EXERCISE DESCRIPTION:
Word for word, copy the line containing "Bonney's WA Water Ski Park - Hotel WA 0" and every line after it in the records below, leaving pictures out.

EXERCISE MATERIAL:
== Segment start ==

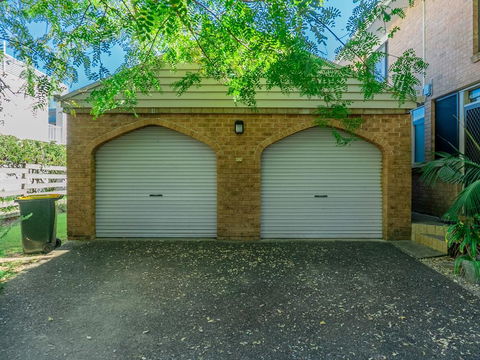 Beach Chalet 3 - Hervey Bay Accommodation 1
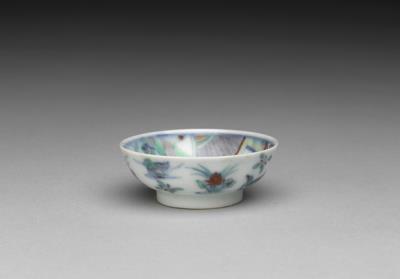 图片[3]-Saucer with wucai polychrome decoration, Ming dynasty, Chenghua reign (1465-1487)-China Archive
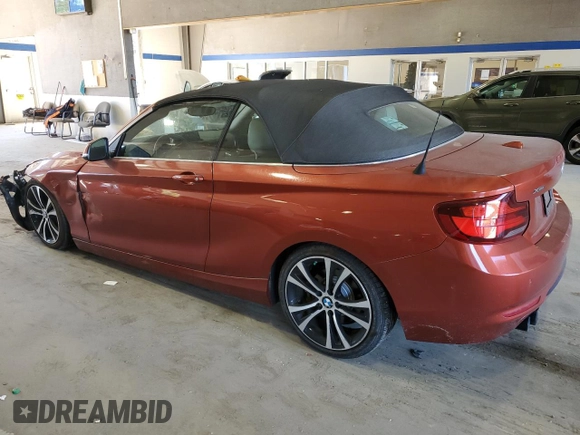 2020 BMW 2 Series 230i xDrive with VIN WBA2K1C09L7E19061, listed as a Copart auction lot 75654464 with 35,785 mi miles and Salvage Title. Bid and sale history available at carsss.com. Image 2.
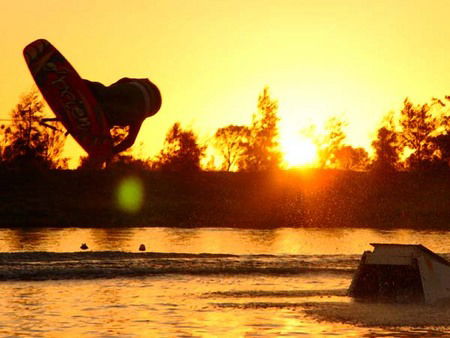 Bonney's WA Water Ski Park - Hotel WA 0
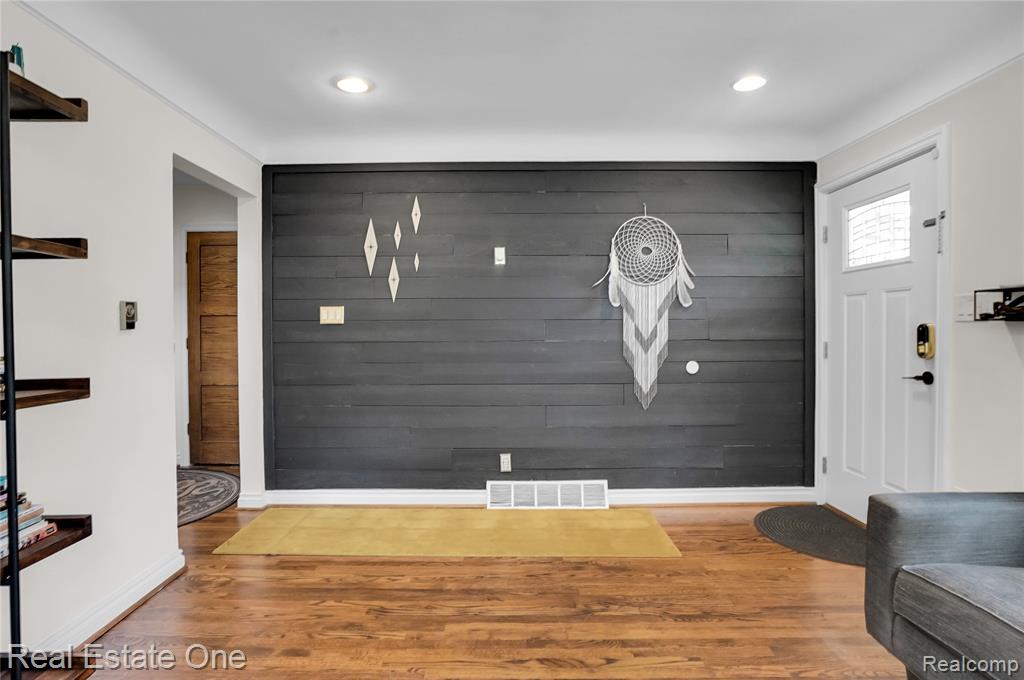 705 N Dorchester Avenue, Royal Oak, MI 48067 — Photo 7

== Segment end ==

EXERCISE RESPONSE:
 Bonney's WA Water Ski Park - Hotel WA 0
 705 N Dorchester Avenue, Royal Oak, MI 48067 — Photo 7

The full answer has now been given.